(Beginning of THE RECORDS)

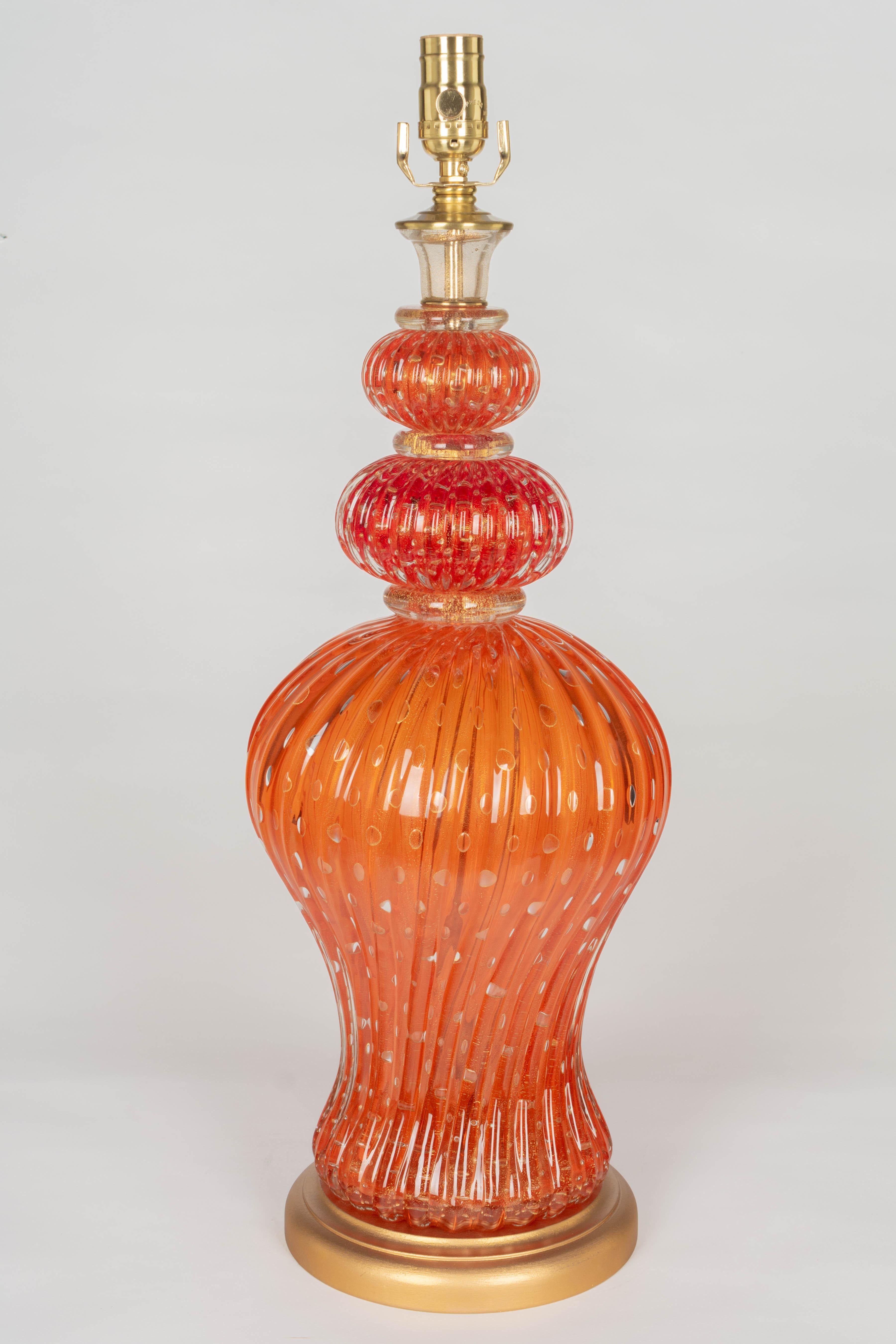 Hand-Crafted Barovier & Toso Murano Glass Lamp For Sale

(End of THE RECORDS)
(Beginning of THE RECORDS)

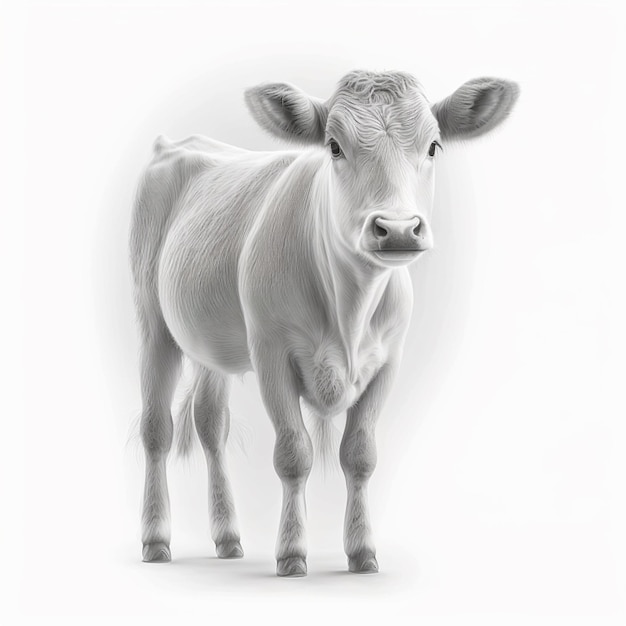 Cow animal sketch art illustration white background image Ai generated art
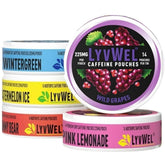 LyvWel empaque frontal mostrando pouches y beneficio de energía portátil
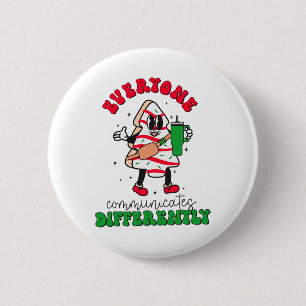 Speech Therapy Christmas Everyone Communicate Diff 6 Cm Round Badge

(End of THE RECORDS)

PROBLEM TO SOLVE: Range to copy from the listing above: the line with "Cow animal sketch" through the line with "Speech Therapy Christmas". Transcribe it exactly and skip the pictures.

YOUR RESPONSE:
 Cow animal sketch art illustration white background image Ai generated art
 LyvWel empaque frontal mostrando pouches y beneficio de energía portátil
 Speech Therapy Christmas Everyone Communicate Diff 6 Cm Round Badge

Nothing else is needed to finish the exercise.